Council welcomes back Eby; operating budgets presented City rebranding plan also part of council deliberations
Heather Eby might be the City of Moose Jaw’s newest city councillor, but she’s not a raw rookie.
Eby emerged victorious from the recent by-election to fill the spot vacated by Don Mitchell’s resignation, claiming 41.13 per cent of the 3,161 votes.
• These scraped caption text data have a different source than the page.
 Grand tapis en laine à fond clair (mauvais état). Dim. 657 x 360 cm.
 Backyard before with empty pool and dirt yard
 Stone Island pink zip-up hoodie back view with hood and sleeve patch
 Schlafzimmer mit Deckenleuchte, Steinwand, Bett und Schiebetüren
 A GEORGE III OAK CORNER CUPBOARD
As a result, Eby finds herself in a familiar position after serving two terms with council beginning in 2009.
“I certainly wasn’t expecting there to be a by-election, but I always had hope that I would have a chance at another election and when this came open in the spring I was excited about it,” Eby said. “I really had to think it through because my family wasn’t completely on board right out of the gate, but it’s great to be able to serve the citizens of Moose Jaw again.” Eby’s prior experience came into play quickly – she was named the new chair of the personnel committee during her first meeting on Oct. 22 and had little difficulty settling into the ‘new’ position. “I hadn’t been away that long and it just felt really natural to be a part of it all and get back into it,” Eby said, adding that prior to her first visit with mayor Fraser Tolmie and city manager Jim Puffalt she was asked if she was there for her orientation.
“I was ‘nope, not really’,” Eby said with a laugh. “I just went and found the things I knew I needed and talked to the people I knew I needed to talk to and settled in a bit. There are some files and materials that I’m not aware of so I’m reading a lot and catching up a bit with those things, but as far as procedures and processes I’m pretty comfortable with it.”
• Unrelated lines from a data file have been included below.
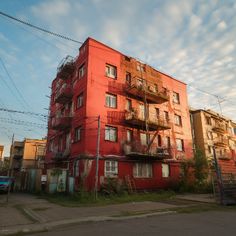 an orange building with balconies on the second floor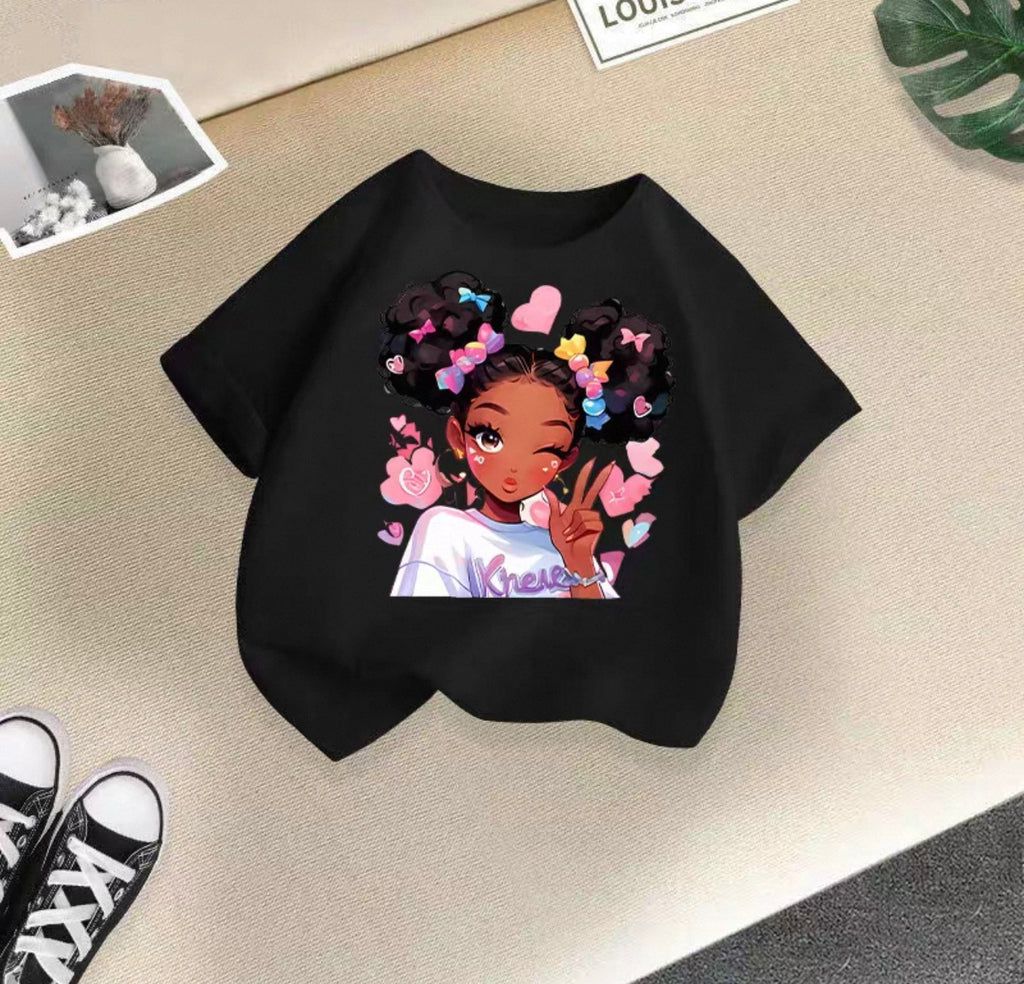 Black t-shirt with a colorful graphic of a girl with braids and flowers on a beige surface.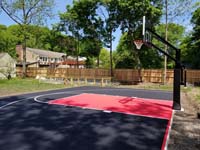 View from right rear to left front of red and black home basketball court in Dedham, MA.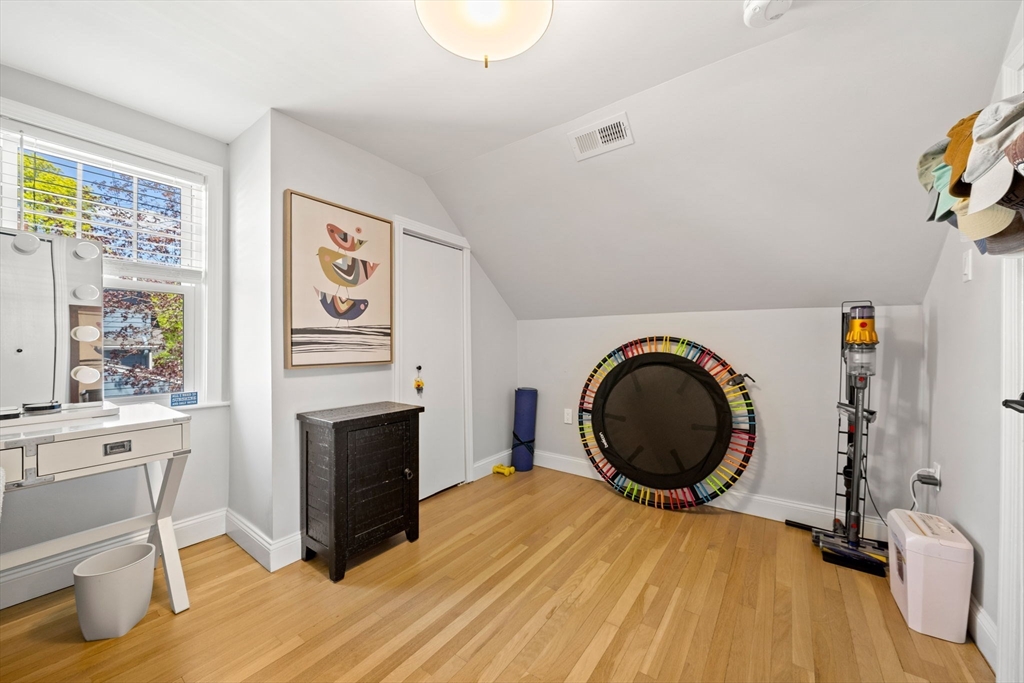 76 Perkins Street Stoneham, MA 02180 - Photo 27 of 40 a room with a washing machine and a fireplace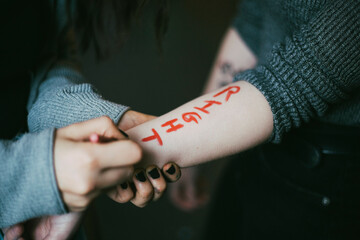 Cropped image of female protestor writing on woman's hand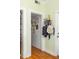 Entry hallway featuring hardwood floors, bright wall decor, and unique coat rack at 737 Barnett Ne St # B6, Atlanta, GA 30306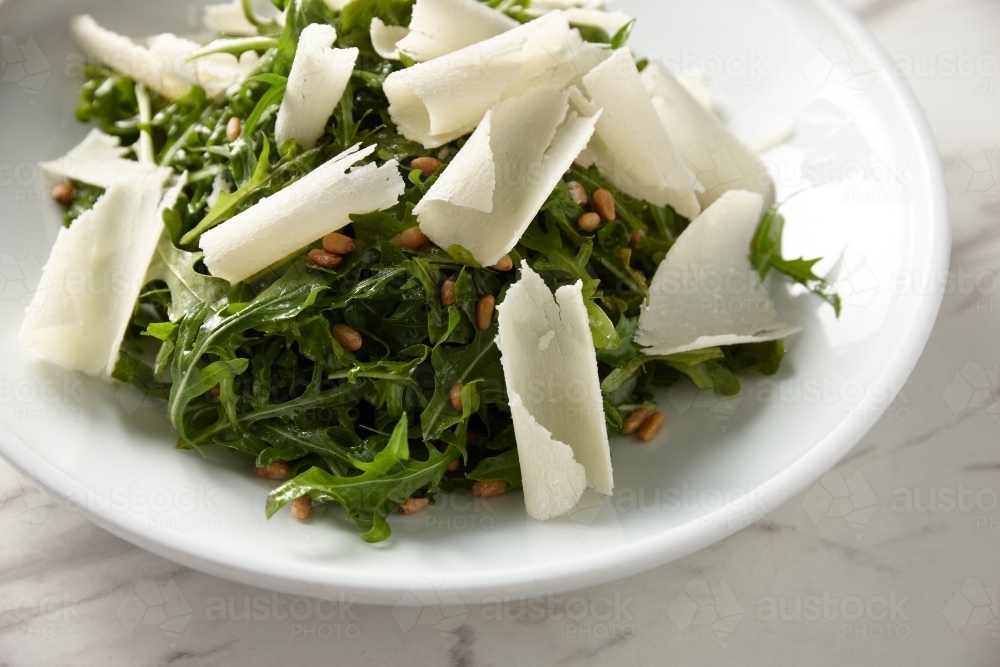 green salad mixed with nuts and shaved cheese - Australian Stock Image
So, now it’s down to business – and once Eby is back up to speed, it’ll be time to once again face the decisions that affect the City of Moose Jaw, both large and small.
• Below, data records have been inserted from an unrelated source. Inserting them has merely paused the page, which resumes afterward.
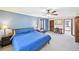 Cozy bedroom with a blue accent wall, a ceiling fan, and plenty of space for a desk or seating area at 4859 Clark Lake Nw Way, Acworth, GA 30102
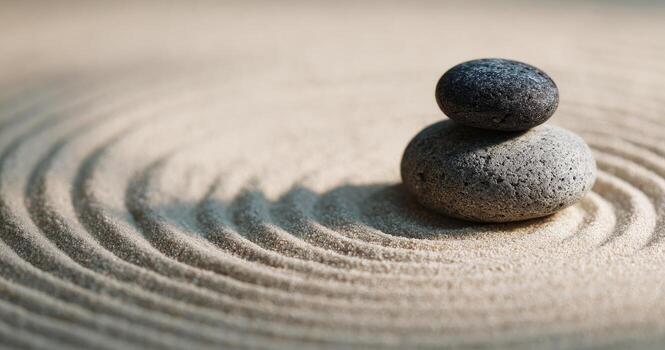 Two stones balanced on sand with concentric circles photo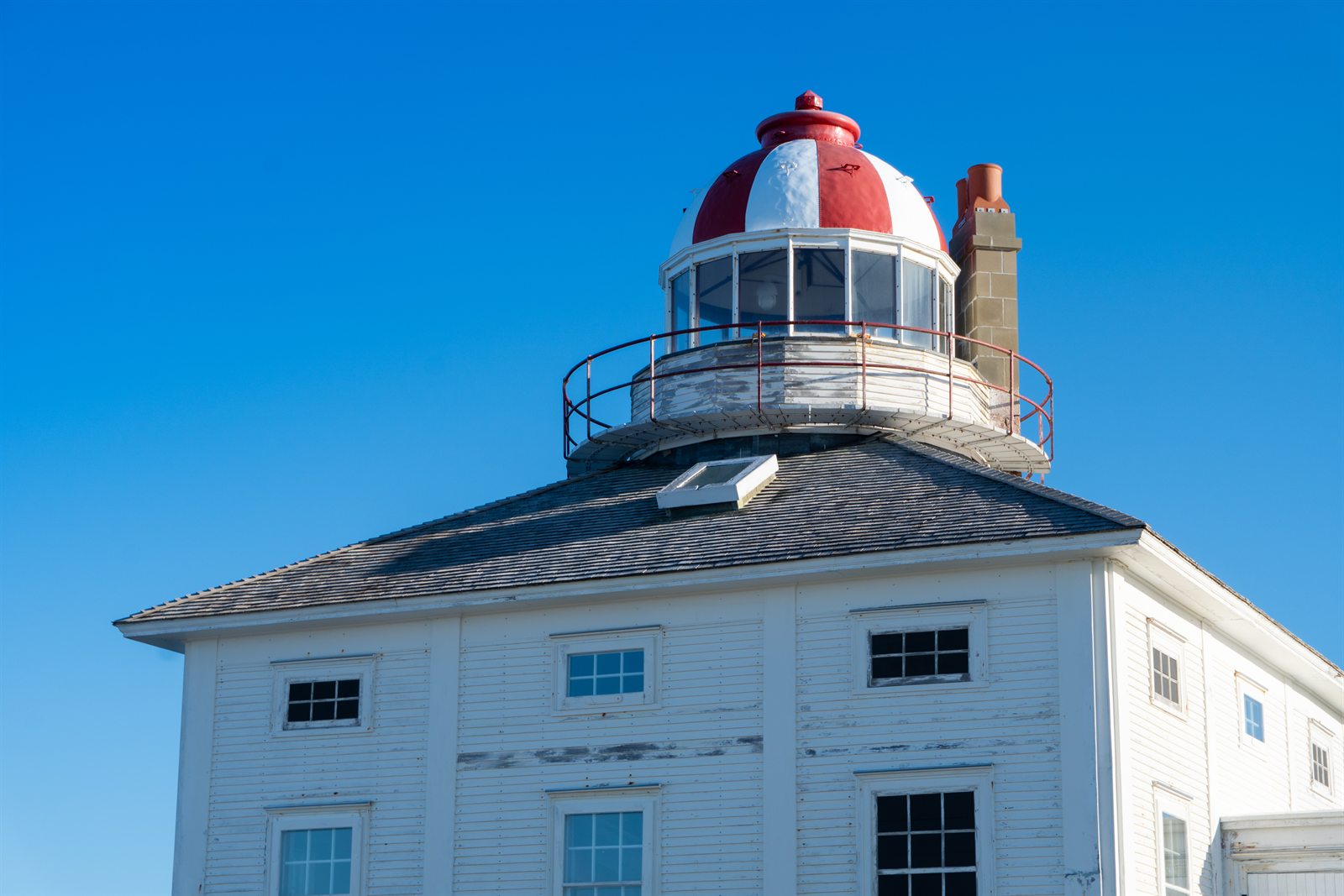 The red and white dome of the old Cape Spear lighthouse, Newfoundland.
“There’s always something to work on, things that come up and need to be dealt with and I’m looking forward to the opportunity to have a chance to do all that again,” Eby said.
Coun. Crystal Froese introduced a motion that “the city manager direct staff to create a formal policy framework that outlines governance requirements for third-party boards that hold agreements and/or contracts to steward property and/ or land owned by the City of Moose Jaw.” The motion came on the heels of the recent Downtown Field House and Facility controversy that saw three councilliors – Froese, Scott McMann and Brian Swanson – all receive varying level of sanctions for their actions while working on the DFFH board of directors. Tolmie supported the motion, saying the overall objective is to address governance issues that could occur on boards with city council involvement and ways to ensure clear and concise reporting when it comes to board meetings. The motion was referred to city administration, with a report expected early in the new year.
Council continued the process of updating the city’s strategic plan, using a report from the day-long ‘13 Ways to Kill Your Community’ discussion session with Doug Griffiths on June 7 as a base for the improvement and revisions.
City manager Jim Puffalt said putting operation plans and objectives into place going forward was going to be a key component for the process in coming months, with budgetary effects potentially revealing themselves by year’s end.
“If there’s something that has a budgetary impact and we don’t quite have the stepsby-steps done, we’ll address council at that time,” Puffalt said, adding that an action plan is expected to be put together in the new year.
Mayor Fraser Tolmie supported the motion to move forward.
“I think the community as a whole is happy with this and most councillors are happy with the presentation that happened,” Tolmie said. “A lot of the things since then we’ve been working on and putting into place just naturally, but I think we need to strike while the iron is hot and not lose momentum on this.”
Council received the operating budget proposal for the Moose Jaw Police Service, which is seeking a funding total of $9,809,647, up 3.35 per cent from last year’s $9,491,247.
The additional funds cover the wide variety of current programs, in addition to a host of new initiatives that include requirements surrounding cannabis legalization and increased focus on traffic safety and the MJPS’ ongoing participation in the Missing and Murdered Indigenous Women and Girls inquiry.
Moose Jaw Public Library head librarian Gwen Fisher addressed council with regards to operating budget estimates for 2019.
Their current estimate net requisition from the city is $1,199,591, an essentially status quo budget featuring an increase of $38,275 to continue to current level of programming service.